掛布2軍監督、若虎よ見えない敵と戦え
阪神・掛布雅之2軍監督(60)が23日、若虎に対し、ライバルに勝つためには「怖さを持つこと」こそがレベルアップへのカギだと訴えた。この日は兵庫県の高砂市野球場で『三菱自動車親子野球教室』に参加。11チーム、70人の子供たちに続けることの大切さを説いた。
若虎のオフの過ごし方を問われると、掛布2軍監督は子供たちに野球を教えていた柔和な表情からプロの顔になった。
「怖さを知ることなんですね。僕も、江川はどんな練習してるんだろうと思いながらバットを振った。分からないから必死で練習するんです。落合さん(現中日GM)とも同じ意見になったんですよ。チーム内だったり、他のチームのライバルだったり、見えないものと戦う怖さ。これに強くないとダメだと思うんですよ」
金本監督も話す「オフこそ競争」。この時期にいかに追い込めるか。その上で、どう追い込むべきかを口にした。
「一人でやる時間をつくってほしい。素振りでもシャドーピッチングでも。最後は誰も助けてくれませんから。打席に入るのもマウンドに上がるのも一人。自分に強くならないと勝てないんですよ」
現役時代、スキートレなど自主トレは一人で行ってきた。チームメートもライバル。レギュラーを死守するために彼らを上回らなければならない。手を抜けば、負けるかもしれない。自主トレは見えない敵と戦い続ける苦行だった。
「だからキャンプは笑顔でできたんです。だって、見えるでしょう。誰がどんなレベルでやってきたか」
合同自主トレを否定はしない。「いろんな練習ができますから。ただ、その中でも30分でいいから一人で練習する時間をつくってもらいたい」と話した。

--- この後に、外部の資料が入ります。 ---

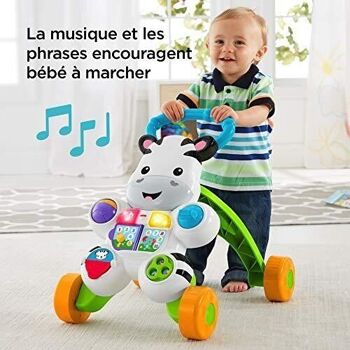 Mattel - réf : DLD96 - Fisher-Price - Mon Trotteur Zèbre Parlant pour apprendre à marcher avec musique et activités d'éveil. A partir de 6 mois. Version française. 10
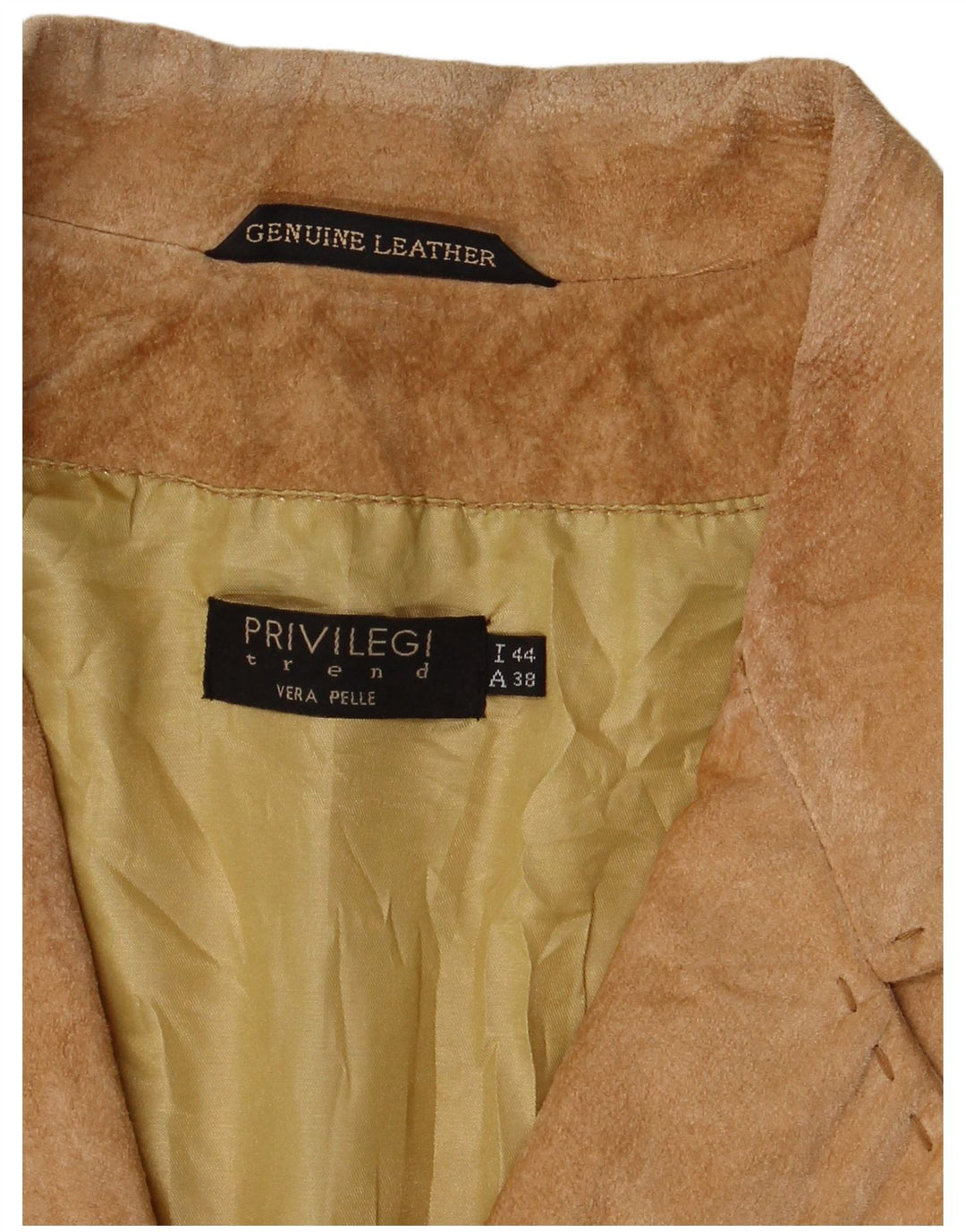 Giacca blazer in pelle scamosciata a 3 bottoni da donna Privilegi IT 44 in pelle marrone medio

この2年、DCとして見てきた2軍。練習量が少ないとは思わなかった。では、何が足りないのか。ソフトバンクの強さを見て気づいた。「ソフトバンクは組織で怖さをつくっている」。2軍でさえ、3軍に落ちるかもしれないという怖さが、強さの秘けつだと言う。
「僕は33歳で引退したけど、短いとは思わない。やれるだけやったから。若い選手にも後悔はしてほしくない。だから、怖さを感じながらやるのが大切だと思うんですよ」
自分自身をどこまで追い込めるか。若虎を思うからこそ言葉は熱くなっていった。